> _What the task requires_: Some lines in the listing hold the word "Ebony". Return each of them.

------ Given entries

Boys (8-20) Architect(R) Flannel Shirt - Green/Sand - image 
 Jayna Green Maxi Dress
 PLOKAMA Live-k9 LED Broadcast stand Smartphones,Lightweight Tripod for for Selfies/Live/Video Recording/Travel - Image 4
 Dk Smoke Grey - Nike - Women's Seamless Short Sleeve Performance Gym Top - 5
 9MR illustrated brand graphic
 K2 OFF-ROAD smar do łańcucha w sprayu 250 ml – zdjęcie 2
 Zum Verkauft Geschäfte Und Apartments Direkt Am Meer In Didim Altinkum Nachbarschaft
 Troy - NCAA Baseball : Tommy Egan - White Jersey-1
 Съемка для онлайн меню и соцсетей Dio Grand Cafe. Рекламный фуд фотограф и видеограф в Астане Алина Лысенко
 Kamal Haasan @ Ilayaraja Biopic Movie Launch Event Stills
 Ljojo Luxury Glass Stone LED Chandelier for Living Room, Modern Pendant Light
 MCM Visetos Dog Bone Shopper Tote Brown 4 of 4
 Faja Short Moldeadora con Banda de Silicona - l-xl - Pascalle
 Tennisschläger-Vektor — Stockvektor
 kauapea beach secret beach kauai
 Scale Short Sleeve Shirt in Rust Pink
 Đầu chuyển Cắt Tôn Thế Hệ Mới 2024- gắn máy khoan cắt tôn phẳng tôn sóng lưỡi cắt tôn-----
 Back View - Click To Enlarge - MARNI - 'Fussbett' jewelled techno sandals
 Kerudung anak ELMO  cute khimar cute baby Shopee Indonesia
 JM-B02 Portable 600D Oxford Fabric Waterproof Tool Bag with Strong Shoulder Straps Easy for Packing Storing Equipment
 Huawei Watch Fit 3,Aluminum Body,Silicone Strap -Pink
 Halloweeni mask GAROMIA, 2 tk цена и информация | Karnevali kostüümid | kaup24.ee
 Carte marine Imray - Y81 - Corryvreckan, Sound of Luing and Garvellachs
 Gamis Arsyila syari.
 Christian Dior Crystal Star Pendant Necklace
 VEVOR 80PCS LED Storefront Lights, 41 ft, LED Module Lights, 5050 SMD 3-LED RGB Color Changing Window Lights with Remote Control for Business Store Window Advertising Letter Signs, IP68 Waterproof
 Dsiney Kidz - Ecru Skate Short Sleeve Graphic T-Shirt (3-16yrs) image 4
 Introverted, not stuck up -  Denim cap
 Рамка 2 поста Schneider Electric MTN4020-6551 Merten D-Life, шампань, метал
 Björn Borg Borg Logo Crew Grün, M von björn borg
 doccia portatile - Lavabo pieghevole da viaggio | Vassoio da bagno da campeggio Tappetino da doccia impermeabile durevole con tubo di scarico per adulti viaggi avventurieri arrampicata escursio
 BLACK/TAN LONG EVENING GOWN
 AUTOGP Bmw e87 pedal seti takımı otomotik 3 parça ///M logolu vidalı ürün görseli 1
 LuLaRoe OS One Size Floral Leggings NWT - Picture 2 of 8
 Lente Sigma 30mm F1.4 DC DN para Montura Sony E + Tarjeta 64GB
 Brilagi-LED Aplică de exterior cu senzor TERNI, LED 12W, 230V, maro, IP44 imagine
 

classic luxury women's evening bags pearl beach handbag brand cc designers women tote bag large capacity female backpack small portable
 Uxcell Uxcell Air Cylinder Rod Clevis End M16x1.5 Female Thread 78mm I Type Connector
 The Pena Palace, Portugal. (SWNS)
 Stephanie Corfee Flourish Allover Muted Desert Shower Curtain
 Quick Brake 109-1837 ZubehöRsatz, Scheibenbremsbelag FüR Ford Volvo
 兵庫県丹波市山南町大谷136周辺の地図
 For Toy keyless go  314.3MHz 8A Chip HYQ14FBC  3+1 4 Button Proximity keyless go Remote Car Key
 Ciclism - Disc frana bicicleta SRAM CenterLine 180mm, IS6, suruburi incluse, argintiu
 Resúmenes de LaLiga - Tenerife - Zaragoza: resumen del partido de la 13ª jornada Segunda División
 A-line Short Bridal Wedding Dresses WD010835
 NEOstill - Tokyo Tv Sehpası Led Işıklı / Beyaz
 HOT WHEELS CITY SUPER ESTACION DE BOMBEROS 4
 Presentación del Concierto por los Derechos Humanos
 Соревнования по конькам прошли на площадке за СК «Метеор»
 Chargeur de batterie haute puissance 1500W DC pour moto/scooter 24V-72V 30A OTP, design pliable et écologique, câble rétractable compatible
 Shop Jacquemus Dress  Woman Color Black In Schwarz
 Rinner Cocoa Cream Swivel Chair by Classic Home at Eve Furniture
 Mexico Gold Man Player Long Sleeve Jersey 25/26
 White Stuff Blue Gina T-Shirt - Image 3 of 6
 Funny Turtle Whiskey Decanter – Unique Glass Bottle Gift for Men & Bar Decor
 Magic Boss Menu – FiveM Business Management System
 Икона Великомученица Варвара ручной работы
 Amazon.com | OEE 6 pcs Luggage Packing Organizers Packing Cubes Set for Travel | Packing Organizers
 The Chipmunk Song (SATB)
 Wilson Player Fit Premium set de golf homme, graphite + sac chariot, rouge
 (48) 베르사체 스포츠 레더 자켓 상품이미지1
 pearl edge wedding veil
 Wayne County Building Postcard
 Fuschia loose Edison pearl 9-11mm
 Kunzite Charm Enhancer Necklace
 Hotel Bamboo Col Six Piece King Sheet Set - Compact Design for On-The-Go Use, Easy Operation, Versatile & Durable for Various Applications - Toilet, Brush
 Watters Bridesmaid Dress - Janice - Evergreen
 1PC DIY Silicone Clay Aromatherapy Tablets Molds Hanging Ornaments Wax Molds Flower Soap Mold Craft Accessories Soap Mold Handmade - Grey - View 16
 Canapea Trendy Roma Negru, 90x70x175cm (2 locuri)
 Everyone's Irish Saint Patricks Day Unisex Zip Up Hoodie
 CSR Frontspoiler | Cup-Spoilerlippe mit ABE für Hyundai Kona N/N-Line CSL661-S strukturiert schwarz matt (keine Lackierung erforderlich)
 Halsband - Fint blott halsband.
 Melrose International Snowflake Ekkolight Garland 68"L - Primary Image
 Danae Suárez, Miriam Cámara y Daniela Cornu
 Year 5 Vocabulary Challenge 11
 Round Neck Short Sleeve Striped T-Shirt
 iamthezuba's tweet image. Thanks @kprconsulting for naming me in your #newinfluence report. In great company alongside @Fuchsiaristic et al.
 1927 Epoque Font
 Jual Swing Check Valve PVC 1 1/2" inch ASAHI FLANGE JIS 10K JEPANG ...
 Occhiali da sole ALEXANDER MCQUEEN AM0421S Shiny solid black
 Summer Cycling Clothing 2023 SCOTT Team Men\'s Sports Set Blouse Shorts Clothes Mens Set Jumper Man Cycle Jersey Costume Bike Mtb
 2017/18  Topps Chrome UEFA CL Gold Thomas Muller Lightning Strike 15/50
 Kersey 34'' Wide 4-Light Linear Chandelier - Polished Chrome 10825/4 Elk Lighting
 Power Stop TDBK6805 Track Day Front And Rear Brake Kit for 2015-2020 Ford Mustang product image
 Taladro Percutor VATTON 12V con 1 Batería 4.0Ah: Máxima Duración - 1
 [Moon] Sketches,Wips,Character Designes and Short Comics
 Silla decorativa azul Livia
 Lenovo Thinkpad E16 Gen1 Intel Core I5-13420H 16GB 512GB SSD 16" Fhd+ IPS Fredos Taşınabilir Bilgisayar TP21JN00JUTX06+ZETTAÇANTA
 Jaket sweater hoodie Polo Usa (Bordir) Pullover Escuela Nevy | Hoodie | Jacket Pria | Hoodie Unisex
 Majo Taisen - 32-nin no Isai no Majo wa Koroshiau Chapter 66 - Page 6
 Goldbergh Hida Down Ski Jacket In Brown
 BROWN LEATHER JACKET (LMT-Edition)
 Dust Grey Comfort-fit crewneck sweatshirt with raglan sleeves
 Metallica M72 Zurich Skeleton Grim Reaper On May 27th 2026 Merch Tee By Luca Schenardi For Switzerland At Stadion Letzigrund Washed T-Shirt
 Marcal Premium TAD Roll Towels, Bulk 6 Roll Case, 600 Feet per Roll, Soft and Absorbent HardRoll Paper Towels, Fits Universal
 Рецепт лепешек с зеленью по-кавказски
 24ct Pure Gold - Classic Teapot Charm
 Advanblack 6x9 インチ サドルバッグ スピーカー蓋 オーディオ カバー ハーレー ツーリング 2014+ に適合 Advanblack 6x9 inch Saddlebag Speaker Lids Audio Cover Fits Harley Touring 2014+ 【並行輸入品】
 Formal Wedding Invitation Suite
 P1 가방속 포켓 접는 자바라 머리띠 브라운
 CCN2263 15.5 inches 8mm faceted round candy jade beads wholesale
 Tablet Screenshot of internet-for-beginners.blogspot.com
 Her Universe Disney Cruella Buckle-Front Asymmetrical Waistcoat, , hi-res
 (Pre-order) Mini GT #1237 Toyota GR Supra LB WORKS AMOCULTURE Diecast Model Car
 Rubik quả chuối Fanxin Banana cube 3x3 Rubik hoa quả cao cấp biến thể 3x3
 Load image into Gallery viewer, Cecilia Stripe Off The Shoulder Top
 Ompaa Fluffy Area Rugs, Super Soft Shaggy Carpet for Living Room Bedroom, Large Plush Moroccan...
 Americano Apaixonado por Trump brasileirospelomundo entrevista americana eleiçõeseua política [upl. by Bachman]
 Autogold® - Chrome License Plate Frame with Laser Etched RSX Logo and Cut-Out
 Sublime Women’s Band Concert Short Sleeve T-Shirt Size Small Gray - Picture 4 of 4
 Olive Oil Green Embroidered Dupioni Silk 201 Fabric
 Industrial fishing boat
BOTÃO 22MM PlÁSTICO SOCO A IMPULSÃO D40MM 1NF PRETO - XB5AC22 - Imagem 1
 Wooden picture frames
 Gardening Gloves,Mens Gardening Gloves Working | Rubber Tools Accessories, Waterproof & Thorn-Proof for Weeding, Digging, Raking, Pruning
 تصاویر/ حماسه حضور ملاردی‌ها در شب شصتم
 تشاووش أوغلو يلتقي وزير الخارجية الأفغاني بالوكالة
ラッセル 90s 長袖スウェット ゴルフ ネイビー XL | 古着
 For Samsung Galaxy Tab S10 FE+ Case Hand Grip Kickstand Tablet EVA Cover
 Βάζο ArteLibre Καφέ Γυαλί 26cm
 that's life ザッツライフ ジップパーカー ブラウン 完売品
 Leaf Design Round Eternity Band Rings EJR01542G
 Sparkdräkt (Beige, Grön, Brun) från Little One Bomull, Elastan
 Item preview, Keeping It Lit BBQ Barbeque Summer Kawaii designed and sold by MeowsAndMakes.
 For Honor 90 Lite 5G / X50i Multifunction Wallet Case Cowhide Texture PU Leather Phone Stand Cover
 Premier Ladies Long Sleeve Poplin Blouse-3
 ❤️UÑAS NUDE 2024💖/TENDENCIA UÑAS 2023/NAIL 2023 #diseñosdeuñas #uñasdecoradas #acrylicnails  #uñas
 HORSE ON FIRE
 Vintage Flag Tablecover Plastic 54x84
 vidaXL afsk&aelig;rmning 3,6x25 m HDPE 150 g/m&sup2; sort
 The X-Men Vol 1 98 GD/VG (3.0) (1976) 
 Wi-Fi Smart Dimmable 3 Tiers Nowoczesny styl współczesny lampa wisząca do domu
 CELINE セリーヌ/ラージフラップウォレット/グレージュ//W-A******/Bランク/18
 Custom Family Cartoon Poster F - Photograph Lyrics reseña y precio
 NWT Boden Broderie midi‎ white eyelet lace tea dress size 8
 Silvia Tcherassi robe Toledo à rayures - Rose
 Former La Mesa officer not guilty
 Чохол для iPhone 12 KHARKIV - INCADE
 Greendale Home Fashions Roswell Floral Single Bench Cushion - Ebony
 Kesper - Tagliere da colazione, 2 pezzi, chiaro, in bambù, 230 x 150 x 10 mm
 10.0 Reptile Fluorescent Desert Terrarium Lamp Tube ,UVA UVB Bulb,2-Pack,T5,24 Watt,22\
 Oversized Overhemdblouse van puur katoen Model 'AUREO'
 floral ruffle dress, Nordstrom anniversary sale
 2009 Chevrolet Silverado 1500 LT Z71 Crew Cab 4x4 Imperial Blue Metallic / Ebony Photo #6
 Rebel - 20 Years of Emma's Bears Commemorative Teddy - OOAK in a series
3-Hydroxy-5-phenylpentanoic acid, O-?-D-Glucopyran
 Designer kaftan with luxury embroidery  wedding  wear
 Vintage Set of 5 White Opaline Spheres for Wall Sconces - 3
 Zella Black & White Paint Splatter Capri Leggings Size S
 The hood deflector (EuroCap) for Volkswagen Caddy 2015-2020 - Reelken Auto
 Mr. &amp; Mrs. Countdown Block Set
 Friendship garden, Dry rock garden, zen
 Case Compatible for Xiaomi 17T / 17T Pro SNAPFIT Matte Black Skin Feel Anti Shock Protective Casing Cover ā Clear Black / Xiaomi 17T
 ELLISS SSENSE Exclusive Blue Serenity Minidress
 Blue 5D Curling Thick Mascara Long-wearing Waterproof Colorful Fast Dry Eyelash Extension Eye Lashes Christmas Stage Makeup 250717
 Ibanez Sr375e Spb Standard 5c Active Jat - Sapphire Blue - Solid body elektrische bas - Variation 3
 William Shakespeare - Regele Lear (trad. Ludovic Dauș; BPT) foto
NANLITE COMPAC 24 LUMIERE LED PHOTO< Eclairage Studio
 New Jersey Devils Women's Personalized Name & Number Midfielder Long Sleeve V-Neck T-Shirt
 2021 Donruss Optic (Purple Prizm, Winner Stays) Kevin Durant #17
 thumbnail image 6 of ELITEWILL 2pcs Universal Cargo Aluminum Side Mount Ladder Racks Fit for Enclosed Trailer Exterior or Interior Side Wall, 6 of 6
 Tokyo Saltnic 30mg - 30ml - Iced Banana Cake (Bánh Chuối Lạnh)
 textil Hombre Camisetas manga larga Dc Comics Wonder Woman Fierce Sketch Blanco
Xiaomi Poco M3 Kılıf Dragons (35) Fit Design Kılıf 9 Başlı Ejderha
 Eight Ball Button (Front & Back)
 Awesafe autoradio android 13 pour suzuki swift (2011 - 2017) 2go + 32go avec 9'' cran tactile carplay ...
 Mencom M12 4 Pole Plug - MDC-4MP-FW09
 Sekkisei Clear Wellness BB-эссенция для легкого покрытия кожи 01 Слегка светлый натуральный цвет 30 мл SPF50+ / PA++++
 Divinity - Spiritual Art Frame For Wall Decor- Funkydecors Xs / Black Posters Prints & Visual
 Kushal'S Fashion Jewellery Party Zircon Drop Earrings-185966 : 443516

------------

> _Answer to this task_:
 Greendale Home Fashions Roswell Floral Single Bench Cushion - Ebony
 2009 Chevrolet Silverado 1500 LT Z71 Crew Cab 4x4 Imperial Blue Metallic / Ebony Photo #6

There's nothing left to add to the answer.